Tuesday, December 29, 2009

Life Coach - Kaikaku - 1 - Augmented reality

5 months back

I got down at WTC station in New York and was searching for Standard and Poors office building. I had a google map printout in my hand with directions. But having got out from the metro and taken a shortcut (following others), I was outside the station clueless. As per the map I should have taken the proper exit and be somewhere else.

I also had a satellite photograph of all the streets and how the buildings look like when viewed from the top, but I was at ground level and view from top did not matter

1 week back

I was equipped with my google phone Mytouch with Layar app installed. All I did was aim the phone camera at the street with the app being launched and it gave me a map superimposed on the camera screen. This is augmented reality at its very basic.

The mapping of data to image is done by using the phone's GPS data to pinpoint the location, coupled with its on-board accelerometer and compass to figure out the phone's orientation and the direction in which it's pointing. In the future, the mapping can be made more precise and personal by factoring in the user's identity.

Augmented reality is a coalescing of technologies that promises to create a new interactive relationship between mobile users and their surroundings. It's easy to make augmented reality sound like the latest technology in search of an application, but an analogy with jet fighter pilots might help.

Pilots look through the cockpit window, or a helmet faceplate. The inside of these surfaces is treated to display transparent images of cockpit controls and navigation data, a technique called "head-up display." Data, images and text overlay a view of the real world.

Smartphones now can apply that basic concept using very different technologies and take it to another level: adding data about the phone's location and orientation to relate the data overlays to the actual objects you can see onscreen through the phone's camera: buildings, streets and monuments.

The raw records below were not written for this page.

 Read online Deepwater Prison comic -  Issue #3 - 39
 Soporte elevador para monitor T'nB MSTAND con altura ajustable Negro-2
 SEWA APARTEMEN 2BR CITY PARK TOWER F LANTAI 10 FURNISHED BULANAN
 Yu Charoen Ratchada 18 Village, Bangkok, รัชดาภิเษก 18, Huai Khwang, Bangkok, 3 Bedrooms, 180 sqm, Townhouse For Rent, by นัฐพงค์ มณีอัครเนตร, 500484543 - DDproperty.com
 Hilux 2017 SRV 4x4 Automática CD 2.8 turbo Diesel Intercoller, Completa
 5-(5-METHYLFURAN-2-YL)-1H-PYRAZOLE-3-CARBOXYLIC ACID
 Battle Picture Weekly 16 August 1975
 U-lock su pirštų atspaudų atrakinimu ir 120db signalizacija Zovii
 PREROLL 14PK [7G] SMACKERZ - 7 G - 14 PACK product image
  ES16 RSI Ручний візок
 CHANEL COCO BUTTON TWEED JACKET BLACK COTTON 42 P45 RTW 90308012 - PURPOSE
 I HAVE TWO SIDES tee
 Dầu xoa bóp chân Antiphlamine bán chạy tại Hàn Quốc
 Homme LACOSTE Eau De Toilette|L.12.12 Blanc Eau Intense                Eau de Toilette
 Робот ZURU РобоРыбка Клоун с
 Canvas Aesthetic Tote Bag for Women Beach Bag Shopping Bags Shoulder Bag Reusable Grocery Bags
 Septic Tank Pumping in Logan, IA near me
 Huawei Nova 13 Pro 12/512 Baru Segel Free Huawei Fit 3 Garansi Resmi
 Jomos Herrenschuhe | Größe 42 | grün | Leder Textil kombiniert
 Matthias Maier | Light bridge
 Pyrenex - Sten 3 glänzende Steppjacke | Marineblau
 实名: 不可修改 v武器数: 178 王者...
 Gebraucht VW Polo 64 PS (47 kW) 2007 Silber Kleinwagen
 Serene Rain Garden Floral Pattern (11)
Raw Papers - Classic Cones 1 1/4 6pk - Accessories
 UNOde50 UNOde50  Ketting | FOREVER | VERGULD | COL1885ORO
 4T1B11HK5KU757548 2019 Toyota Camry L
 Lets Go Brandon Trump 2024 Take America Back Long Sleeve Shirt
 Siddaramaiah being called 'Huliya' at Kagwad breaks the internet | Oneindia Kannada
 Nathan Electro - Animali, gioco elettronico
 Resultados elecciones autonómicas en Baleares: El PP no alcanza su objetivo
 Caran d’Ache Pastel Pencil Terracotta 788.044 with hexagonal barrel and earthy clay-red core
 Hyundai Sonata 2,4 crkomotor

Read more real life examples on the following link

http://www.networkworld.com/news/2009/121609-augmented-reality.html?fsrc=netflash-rss

How is it useful to us?
It is amazing how much such kind of technology could help us. Consider counter insurgency operations. In any cordon and search operation based on accurate information with very less time on hand to mobilize additional support the positioning of the few soldiers makes the difference between whether or not the militant gets away. If I could create an additional layar based on my earlier study as to where the place the troops, not a single militant would get away through the cordon.
Consider recce - hitting the 8 figure grid reference is really difficult when the area is new. And if my bridge head depends on an 8 figure grid reference every second counts.
In one of our operations we had called attack helicopters to fire upon gwadis where militants were harboured. Being broad daylight and us being downhill with no protection it was difficult to approach the gwadis. What if we could share what we were observing with the ones in the helicopters. No collateral damage and helicopters attack would be accurate.
Imagination alone is the limit to what such augmented reality can do.

In the url there are many examples which apply to us and I did not want to repeat. Do read them and share what other applications can you think of.